Quote:And you of all people, blatham -- who chastised me just the other day because you felt I was out of line with the majority of opinion in this country on a particular subject -- ought to realize that your belief that a religious leader should feel free to act the way the Rev. Wright did, is not a majority view ... and you should therefore realize your views on the subject are "irrelevant."
You refer, I expect, to a discussion on policy matters for present governance. Those are not liberty or freedom issues. Your constitutional guarantees of freedoms and liberties were constituted precisely to protect minorities, such as religious minorities, from the oppressive incursions from others.
Quote:And for you to claim my "intolerant" view that does not condone sexual gyrations by ministers delivering religious messages in church, is somehow an "anti-black racist sentiment," is beyond the pale.
Putting aside the fact that my views on this subject have nothing to do with skin color, are you saying that such sexually explicit gyrations are a traditional and historical aspect of black religious expression?
How has it come to be the case that you've managed to get a law degree and yet understand your own nation's constitution and your own nation's history and your own faith's history so poorly?
How have you mananged to get so warped in the noggin that institutionalized torture and one or two or three hundred thousand dead in war are justifiable but a demonstration of human sexuality in a black church you don't belong to is cause for more than a mere ten seconds of consideration?
I have little patience left with you, tico, and you get the quick and simple answer here because more would be a waste of my time.

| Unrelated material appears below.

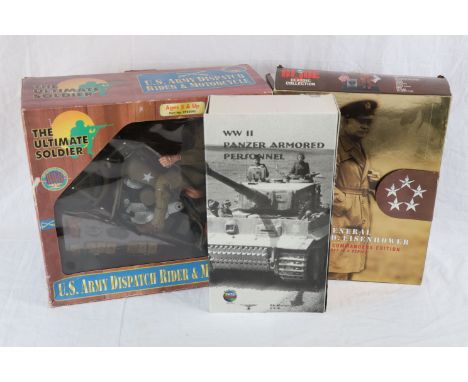 Three 1/6th scale action figures to include WW2 German Panzer Armored Personnel by In The Past Toys, GI Joe Classic Collectio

Howard Dean, in charge of the DNC had this to say:
Quote:While we honor McCain's military service, the fact is Americans want a real leader who offers real solutions, not a blatant opportunist who doesn't understand the economy and is promising to keep our troops in Iraq for 100 years.
In 2004, he had this to say:
Quote:"The real issue is this," Dean said in March 2004, when endorsing formal rival Sen. John Kerry, D-Mass., "Who would you rather have in charge of the defense of the United States of America, a group of people who never served a day overseas in their life, or a guy who served his country honorably and has three Purple Hearts and a Silver Star on the battlefields of Vietnam?"
Is he just a hypocrite, or the worse kind of propagandist out there?
For every mouth piece on the right, there is an equal and opposite mouthpiece on the left spewing the same sewage.